**RECORDS PROVIDED**.
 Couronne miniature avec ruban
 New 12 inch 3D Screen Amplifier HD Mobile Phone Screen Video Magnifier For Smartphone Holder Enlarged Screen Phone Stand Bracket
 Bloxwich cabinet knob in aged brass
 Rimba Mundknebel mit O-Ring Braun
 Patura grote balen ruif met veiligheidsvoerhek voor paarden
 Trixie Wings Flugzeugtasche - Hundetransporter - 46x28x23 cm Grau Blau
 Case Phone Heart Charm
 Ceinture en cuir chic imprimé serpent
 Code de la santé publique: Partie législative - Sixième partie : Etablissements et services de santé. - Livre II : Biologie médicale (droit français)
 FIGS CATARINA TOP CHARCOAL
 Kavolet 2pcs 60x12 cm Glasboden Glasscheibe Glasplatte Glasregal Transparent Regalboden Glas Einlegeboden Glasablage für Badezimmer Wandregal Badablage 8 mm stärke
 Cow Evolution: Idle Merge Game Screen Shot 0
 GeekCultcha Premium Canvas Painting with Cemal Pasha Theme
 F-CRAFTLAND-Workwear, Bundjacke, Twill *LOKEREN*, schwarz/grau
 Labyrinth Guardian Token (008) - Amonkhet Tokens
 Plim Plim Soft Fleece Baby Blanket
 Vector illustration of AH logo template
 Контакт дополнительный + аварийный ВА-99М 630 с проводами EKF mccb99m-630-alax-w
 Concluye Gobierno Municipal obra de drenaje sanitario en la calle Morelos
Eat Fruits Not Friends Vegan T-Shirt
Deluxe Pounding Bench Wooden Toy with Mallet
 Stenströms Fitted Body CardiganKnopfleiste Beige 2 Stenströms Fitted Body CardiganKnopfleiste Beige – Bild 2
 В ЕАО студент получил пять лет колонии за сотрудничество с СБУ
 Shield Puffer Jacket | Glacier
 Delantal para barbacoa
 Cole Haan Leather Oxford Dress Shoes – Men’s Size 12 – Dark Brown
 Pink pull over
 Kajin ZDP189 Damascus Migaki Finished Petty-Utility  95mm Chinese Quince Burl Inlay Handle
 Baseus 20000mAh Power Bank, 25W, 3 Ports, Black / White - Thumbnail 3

**TASK DIRECTIONS**. Set down the lines above as they stand, starting with the first line and ending with the line that contains "Rimba Mundknebel mit O-Ring Braun".

**PROBLEM SOLUTION**.
 Couronne miniature avec ruban
 New 12 inch 3D Screen Amplifier HD Mobile Phone Screen Video Magnifier For Smartphone Holder Enlarged Screen Phone Stand Bracket
 Bloxwich cabinet knob in aged brass
 Rimba Mundknebel mit O-Ring Braun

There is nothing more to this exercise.